Data shown
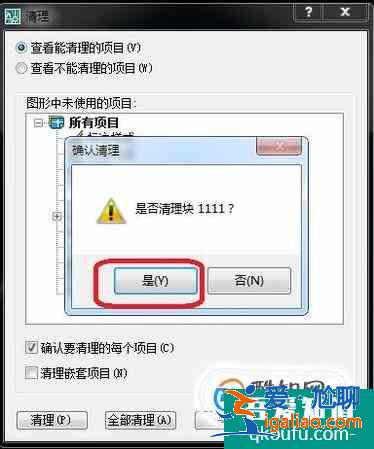 Cad怎么刪除塊？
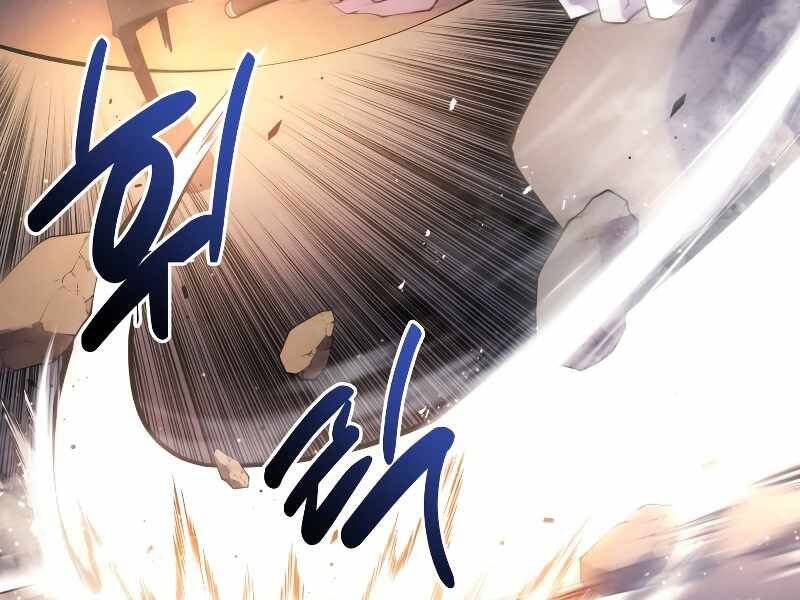 CON TRAI ÚT CỦA GIA ĐÌNH KIẾM THUẬT DANH TIẾNG chapter 18 - Upload bởi truyensieuhay.com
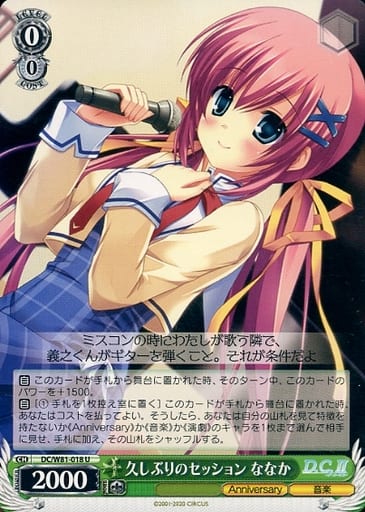 [U] DC/W81-018 久しぶりのセッション ななか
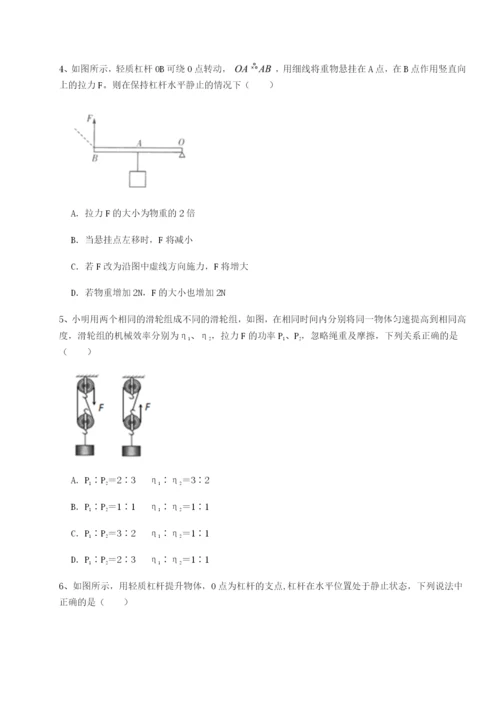基础强化四川遂宁市第二中学物理八年级下册期末考试专项练习试题（含解析）.docx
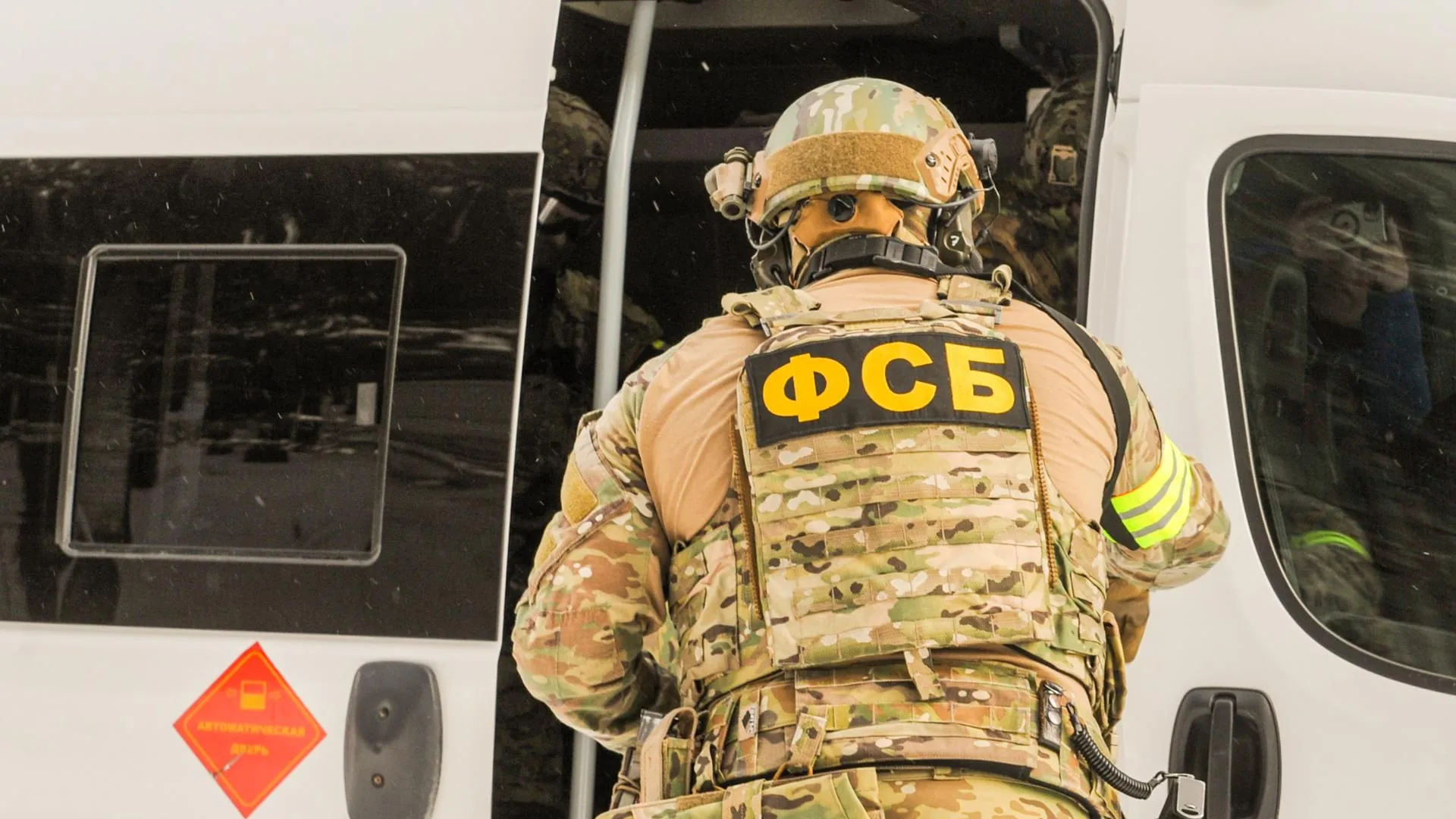 Vadim Akhmetov/URA.RU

Exercise details
Repeat every record exactly, but not the pictures.

Answer section
 Cad怎么刪除塊？
 CON TRAI ÚT CỦA GIA ĐÌNH KIẾM THUẬT DANH TIẾNG chapter 18 - Upload bởi truyensieuhay.com
 [U] DC/W81-018 久しぶりのセッション ななか
基础强化四川遂宁市第二中学物理八年级下册期末考试专项练习试题（含解析）.docx
 Vadim Akhmetov/URA.RU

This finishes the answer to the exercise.